I’m not going to pretend that Twitter can’t be a time suck. You can certainly while away hours reading tweets, responding and following links if you’re not disciplined in your use of Twitter. (I’ll soon update my 2010 Twitter time management tips as part of this series.) But you should also know that smart use of Twitter can save you time.

Note in the points above in the blog post the ways I have discussed for Twitter to save you time in pursuing breaking stories, finding sources, getting answers to your questions and coming up with story ideas. I’m not a beat reporter, but I write a lot about digital journalism and the news business, so I am much like a beat reporter in that sense. Twitter helps me find the news and commentary I need to read about my beat faster than the other sources I have used to stay informed...

8. Distribute content

This is the first way that many journalists and news organizations recognize value from Twitter. When you post a story or blog post, share it with an engaged Twitter community and you’ll notice an immediate bump in traffic. Virtually every day when I post something new on my blog, Twitter is the leading source of traffic to my blog. That doesn’t mean that Twitter is the best source. Many newsrooms get better results with Facebook. But you want to use them both...

When your followers retweet your links, that brings more traffic. If someone with lots of followers, such as Jay Rosen, Jeff Jarvis or Andy Carvin, retweets a link to my blog, I notice an almost immediate spike in traffic. (Jay, Jeff, Andy, Jim, if you’d like to help me demonstrate today …)

9. Continue the conversation

After you post a link to your latest story, video, photo gallery or blog post, invite your followers in a tweet (or a few tweets) to discuss the issue or event. Pose some questions and respond to their answers. They may give you some follow-up ideas. Their tweets might make an update to add to the story or post. They might give you some helpful feedback. They will appreciate the conversation.
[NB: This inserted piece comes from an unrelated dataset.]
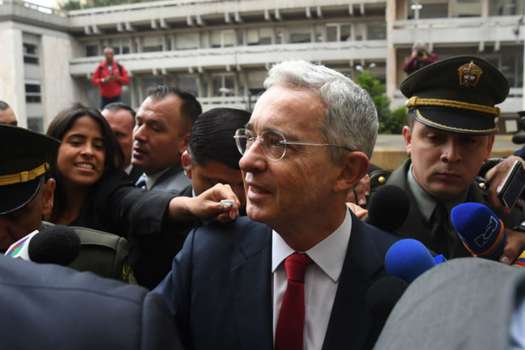 Álvaro Uribe el día 8 de octubre de 2019, momentos previos a la indagatoria. /Gustavo Torrijos-El Espectador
10. Respond to criticism and questions

Journalists who engage on Twitter invariably read some criticism of and questions about their work (or about stories they have missed or chosen not to pursue). Some of it will be helpful, some of it nonsense.

The helpful criticism makes you a better journalist (and your thankful response builds a valuable connection, not just with the critic but with others who notice and appreciate).

Some of the questions or criticism may provide story ideas or follow-up angles. You may be able to answer others from your notebook, something you left out of the story because you mistakenly thought readers wouldn’t care (or because you felt limited by print space or broadcast time restrictions).

I even encourage engaging readers whose criticism is hostile or disrespectful. Some of them may think you’re not listening, and you change their view by answering respectfully. On more than one occasion, I have responded helpfully to a snarky tweet that had a valid issue at its root, and I turned that snarky tweet into a friendly conversation that ended with an apology or a tweet of thanks.